Have you received one of these lately?

Dear FirstName:

I have been using YetAnotherSocialNetworkingService to keep track of my professional contacts. Since you and I know each other so well, we should connect and share each other's networks.

or

FirstName:

I'm updating my address book. Please take a moment to update your latest contact information. Your information is stored in my personal address book and will not be shared with anyone else. SuperMegaHackableDirectoryService is free, private and secure if you'd like to give it a try.

Did you immediately accept? Or did you let it languish in your in box for awhile before deciding to either delete it or do something about it? If you're typical, then the first two or three of these you received were intriguing and you signed right up, but by the time you receive 10, 20, 50 nearly identical messages, you start to get jaded, and the canned messages simply don't have the same impact.

Similarly, have you ever had the experience of getting into someone's sequential autoresponder -- a program that sends a series of predetermined emails, usually either daily or weekly? Have you started to get seemingly personalized messages, but when you try to get through to them in person, you can't?

How did that make you feel? And would you ever wish that on someone else?

According to Robin Dunbar's research, as popularized in Malcolm Gladwell's The Tipping Point and Duncan Watts' Six Degrees, the human brain is only capable of handling about 150 close social relationships. That's approximately the number of people for whom we can remember their name, their face, where we met them, our last conversation with them, and other details. As Dunbar put it, "It's the number of people you would not feel embarrassed about joining uninvited for a drink if you happened to bump into them in a bar." For most professionals, a network of a mere 150 direct contacts, including friends and family, would be woefully insufficient to support you in achieving your business goals. But our brains simply can't handle more than that.

And so we turn to technology -- distributed cognition. We use our computers to expand our processing power and storage capacity. Unfortunately, in so doing, many people lose track of the human element. They forget that the technology is meant to assist us in dealing with larger numbers of relationships, not to replace interpersonal interaction. Designers of social networking tools failed to understand this early in the design process.

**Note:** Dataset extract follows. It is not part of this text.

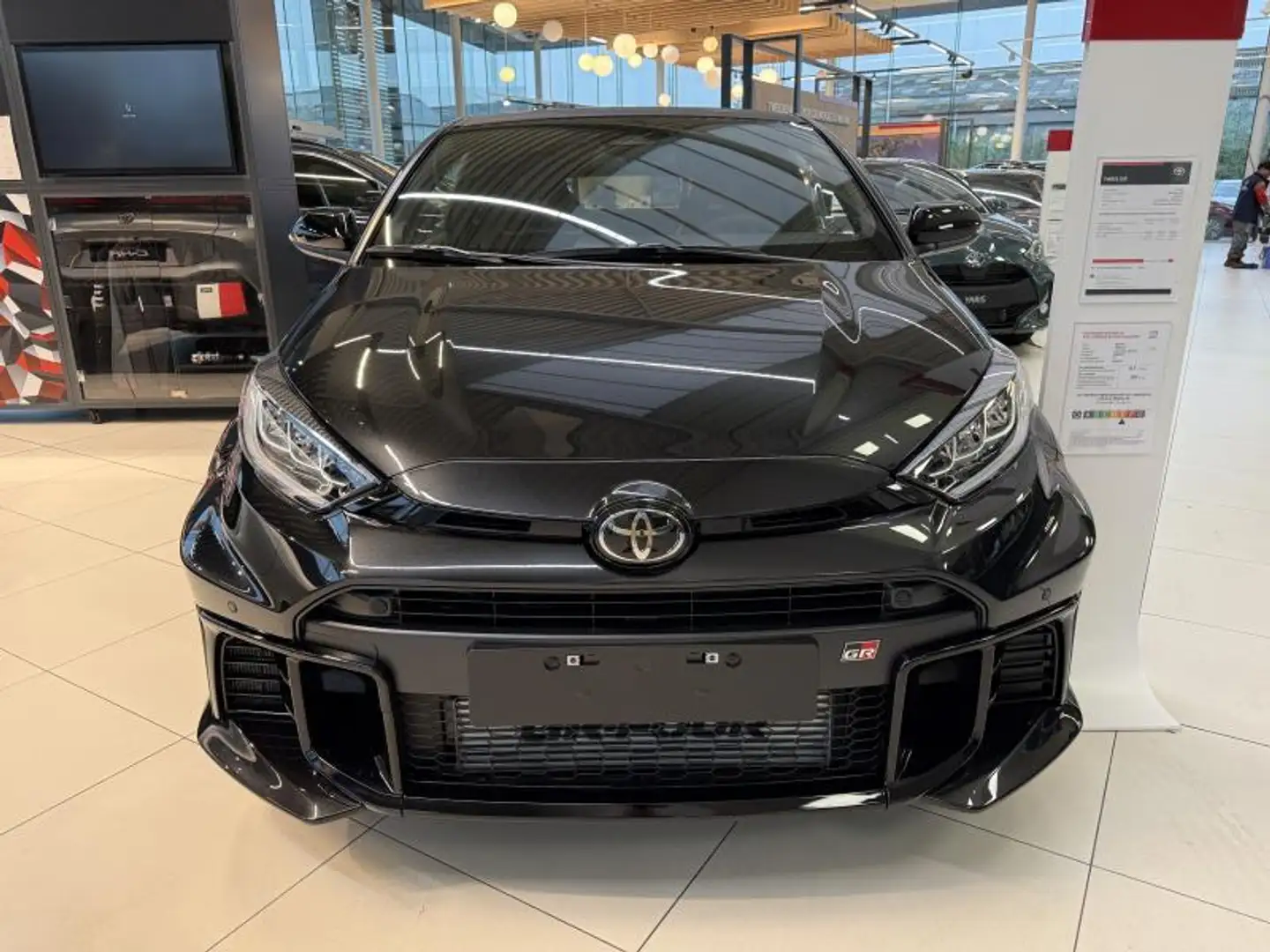 Toyota Yaris GR Yaris 1.6 Turbo MT + Experience Pack Zwart - 2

As a result, there is now some backlash against many of these tools and, to some extent, the people who continue to use them in this manner.

Fortunately, most of the social networking companies have now figured this out and are shifting away from the canned messages. LinkedIn and ZeroDegrees have both added half a dozen or so different templates from which you can choose. Of course, one of them is still the default, and most people will simply accept the default without changing it. That's a big mistake if you want your invitations to not only be accepted, but to actually help build the relationship.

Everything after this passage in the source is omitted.